Do’s and Don’ts For Helping a Child Who Lacks Motivation
Research shows that self-motivated kids are happier and healthier than those who are not. Parents intuitively know this is true. As a result, most parents take a variety of steps to help foster a child’s self-motivation.
However, no matter how bad a parent wants this for their child, unfortunately some children just won’t budge. Some children just seem to resist showing self-motivation in areas that a parent desires. As a parent, I know first hand how frustrating it is when you child is only motivated to play video games, eat unhealthy food, and interact with their friends using technology.
This is on the extreme side, but it’s not far from reality for many. Subsequently, parents would rather use punishments, bribery and other carrot and stick tactics than let their children naturally figure things out on their own. While this may address motivation problems in the short run, it does nothing in the long run. Carrot and stick motivation is a band-aid and risk causing more problems than it fixes.
With that said, here are 4 other do’s and don’ts for helping a child who lacks motivation.
Don’t Waste Time Giving the Same Lecture Over and Over
My wife has a great quote about learning that is very appropriate here.

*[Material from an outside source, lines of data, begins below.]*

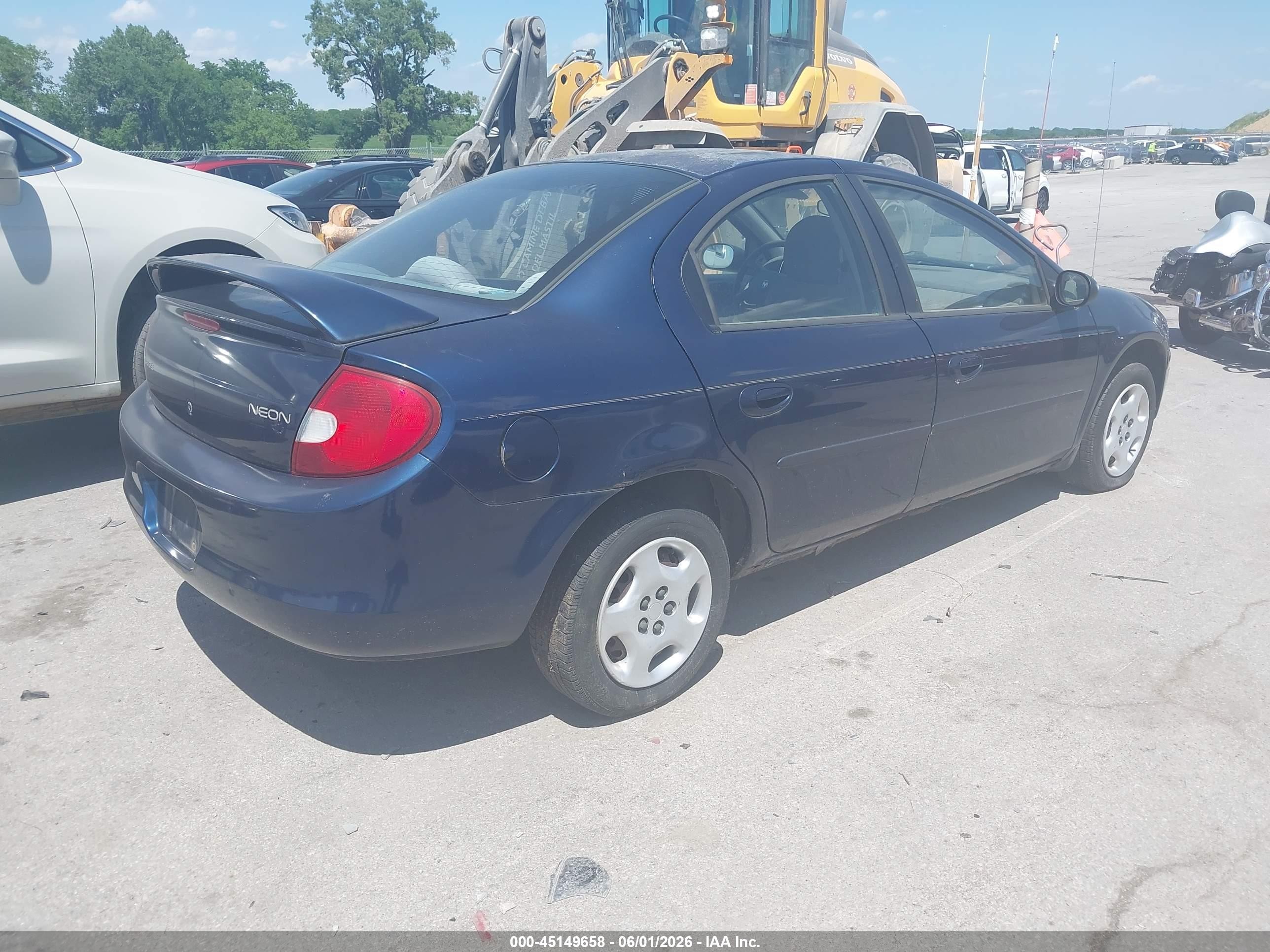 2002 Dodge Neon   Blue vin: 1B3AS26C32D580840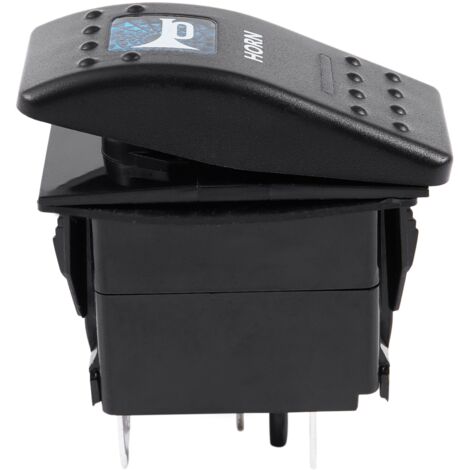 Lei Song Weideer 2Pcs 5 Pin Car Window Switch 12V 20A Control Power Window Lift Momentary Rocker Switch With Led Light K 010with Wire - Foto 6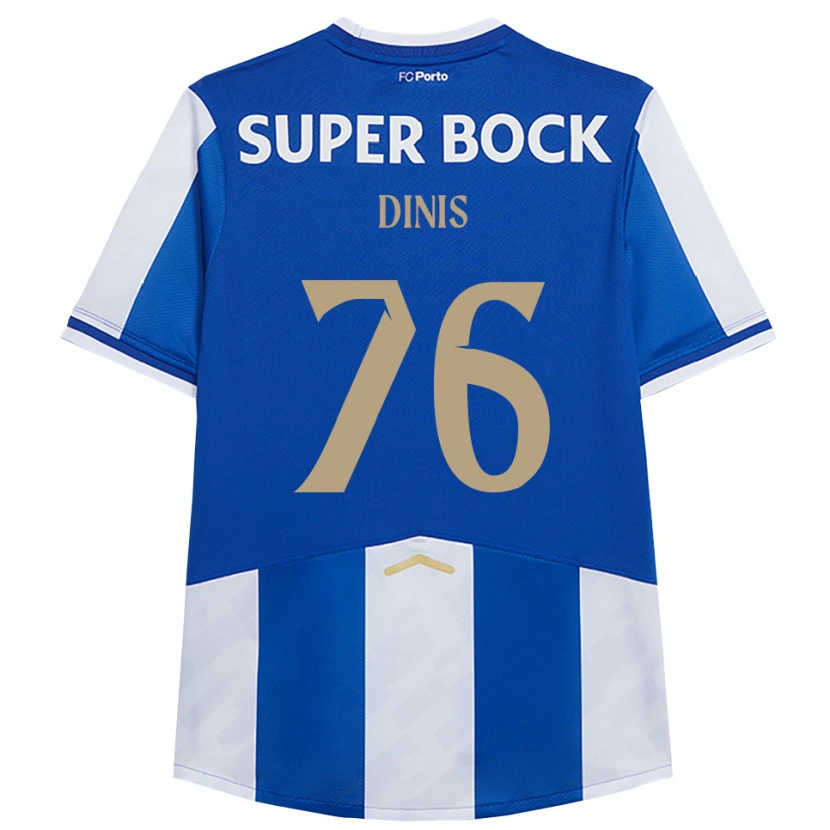 Danxen Kvinnor Dinis #76 Blå Vit Hemmatröja Matchtröjor 2025/26 Tröjor T-Tröja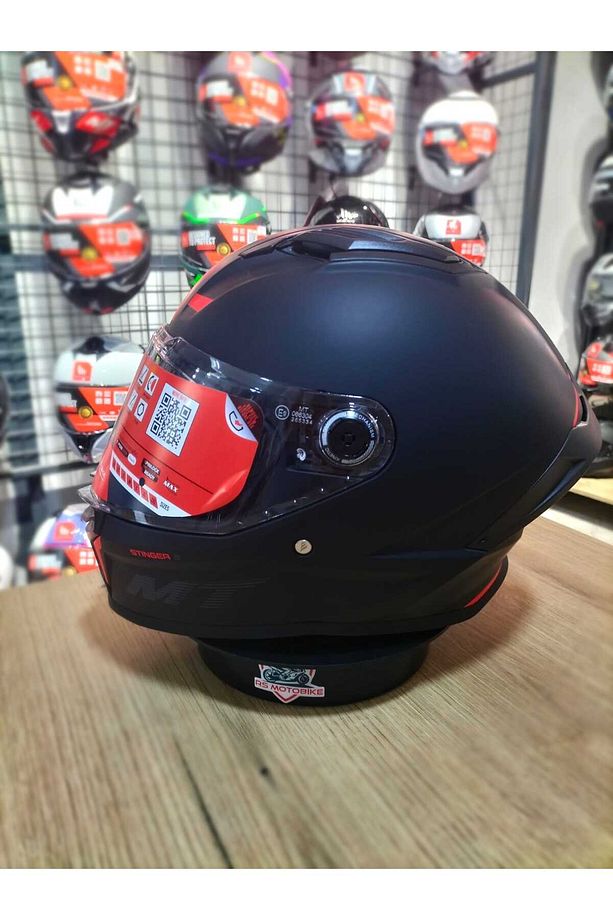 Helmets Stinger 2 Solid A1 Mat Siyah Kapalı Kask - 2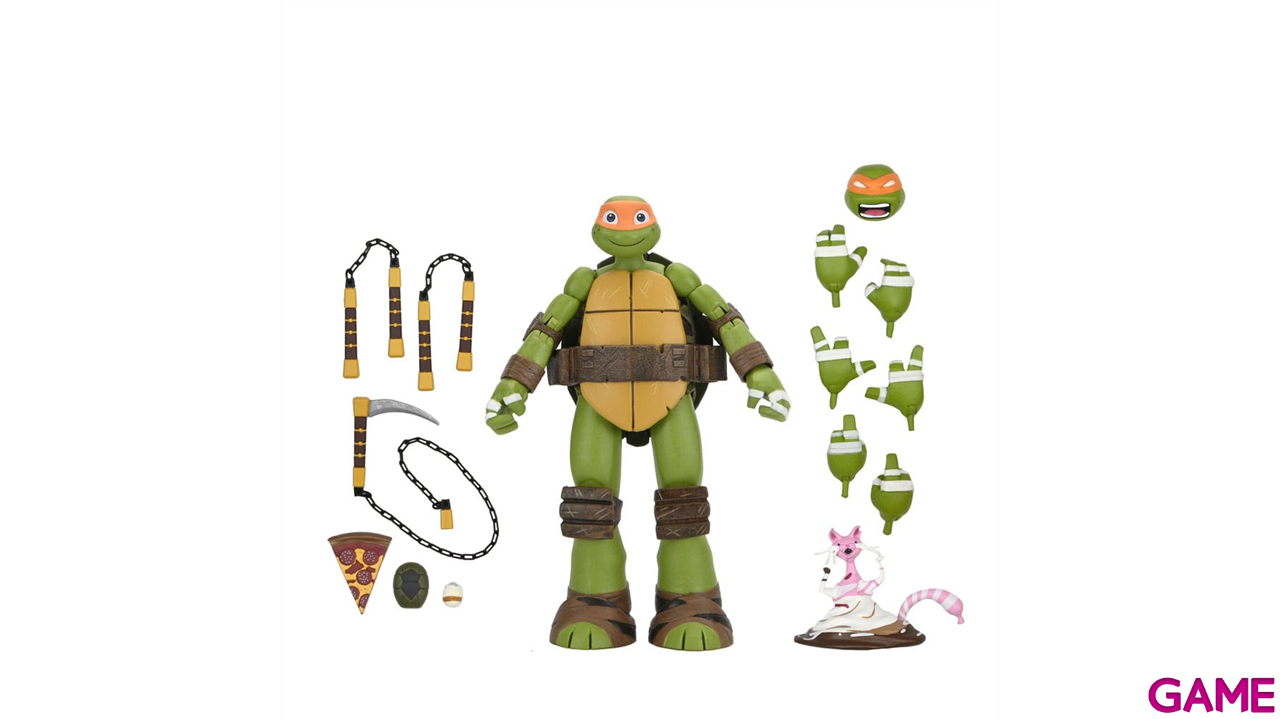 Figura Tortugas Ninja Action Figure Ultimate Michelangelo de 18 cm-3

Telling is not teaching, listening is not learning.
Chances are that whatever lecture you give your child about self-motivation, discipline, and sacrifice they have already heard before. There is no reason to give your child the same lecture week after week like a broken record.
Do Set Boundaries
Lecturing doesn’t build self-motivation or break bad habits. Boundaries and routines do.
So if you want a kid to spend less time playing video games and more time working towards life goals for example, establish strict boundaries on gaming time. When a child gets bored because they can’t do what they want, a gaping window opens to talk about goals, sacrifice, and how they can replace that time with something productive.

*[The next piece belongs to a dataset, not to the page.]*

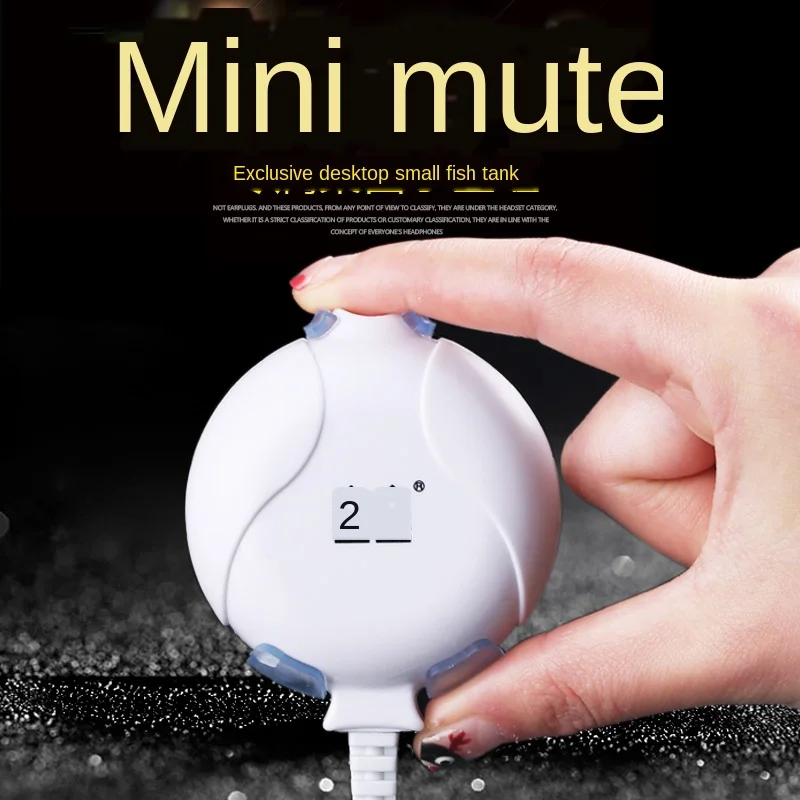 

Mini Air pump hang sucker tank table increase oxygen pump mute low sound, Air Compressor Bubble stone bubble for Mini Aquarium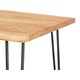image 3 of Side table Live Edge 120 x 60 x 46 cm Brown Black Acacia N/A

Don’t Enable Their Bad Habits
I always find it funny when a parent complains about their child’s video game and phone habits. Then when Christmas and birthday time comes around the parent buys the child a new video game and a new phone.
This is clearly sending mixed messages. Need I say more?
Do Set the Example
If a parent does not show the self-motivation to work towards meaningful goals in their life, it’s hard to tell a kid that they should. We all know that kids don’t do what you say, they do what they see.
I don’t think anyone would argue when I say the best thing parents can do to teach children how to behave is to model those behaviors themselves. Parents must intentionally show their self-motivation to be the best version of themselves in front of their children. This alone gives parents the high-ground they need when discussing self-motivation with a child.